An observation worth noting … and pondering, from the International Energy Agency:

…pre-planning is essential in order for transport demand restraint measures to succeed during an emergency. It is not enough for countries to have a list of measures to use; they must be ready to implement those measures on very short notice. To do this, they generally must develop detailed plans and make certain investments ahead of time. Communicating this plan to the public also appears very important; if the public is not well informed of plans ahead of time, and supportive of them, they may be less likely to cooperate and do their part to help the plans succeed during an emergency. Strong support and cooperation from the business community is also essential. In general, providing clear information to the public – that the public can trust – seems to be an important element of any plan. [1]

It’s been a consistent theme of mine that the impacts of Peak Oil will extend to all segments of our society—social and industrial.

Peak Oil is not an event that’s going to happen at a designated yet undetermined point in time. It will become the foundational energy aspect of our lives. Given how much we depend on fossil fuels—crude oil in particular—it borders on the insane to ignore the many facts suggesting an endless change in the energy source we’ve collectively relied upon for well over a century. Oil plays a prominent role in the supply, manufacture, distribution, and transportation of almost every product or service we rely upon at home, at work, in our communities, in our industries, and in the technologically astounding lifestyles we’ve created for ourselves.

The easily accessible, reasonably affordable, high-quality crude oil we’ve utilized in countless ways through the magnificent displays of our technological prowess and ingenuity has been on a plateau of production since the middle of the last decade. We’re now resorting to costlier, more energy-sucking, inferior quality, harder to access substitutes.

For all the Happy Talk about the vast this or that potential, the numbers do not add up. We’re not going to be able to seamlessly transition everything from crude oil to unconventional substitutes.

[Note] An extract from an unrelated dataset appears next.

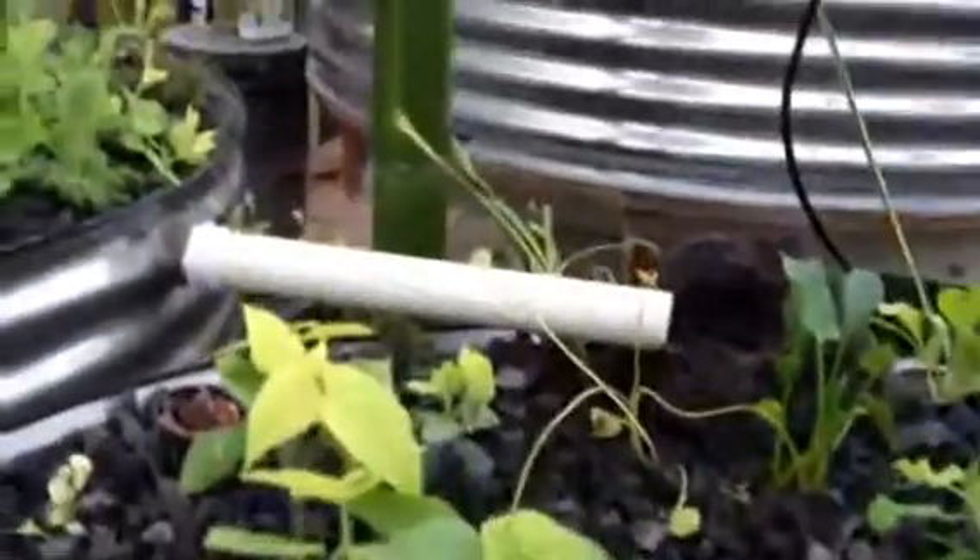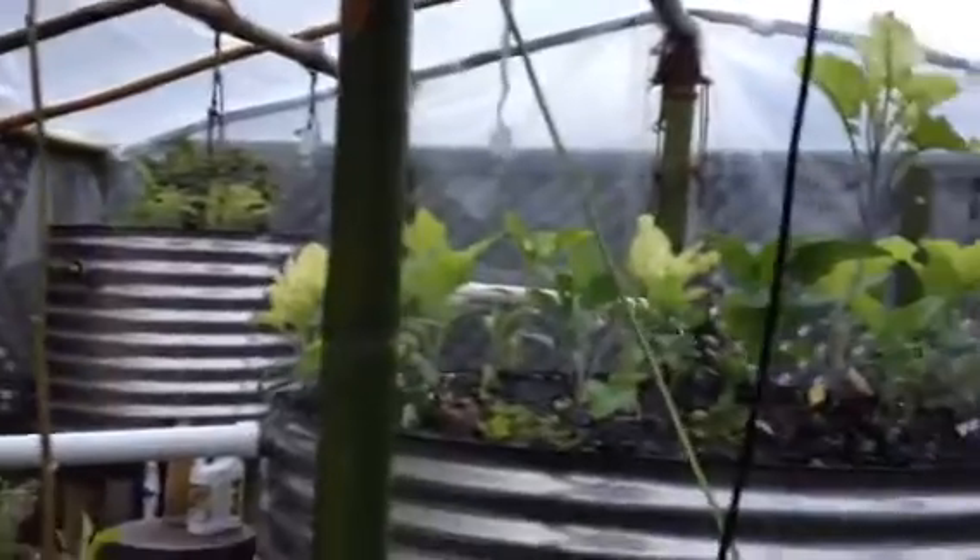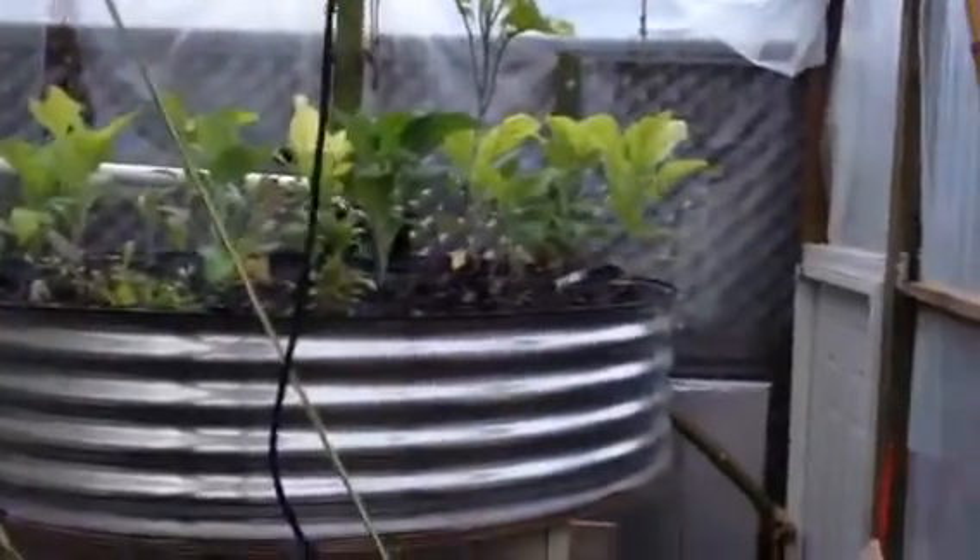Here are our beds which are full of cabbage, strawberries, beans, tomatoes, mint, oregano, kales, and at the top there is even a lemon bush. Let's go! Thank you.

The public continues to be underserved by fanciful claims which artfully skate around the facts which cast a long shadow over their exuberant claims of energy independence and a worry-free energy future.

Business leaders don’t blindly open themselves to new markets; professional coaches don’t just show up for the next game; and families don’t wake up every morning and just wing it from start to finish. Each of them and countless others making plans for whatever endeavors they are about to undertake—consequential or not—do not succeed without first relying on facts at hand. Plans are meaningless without them.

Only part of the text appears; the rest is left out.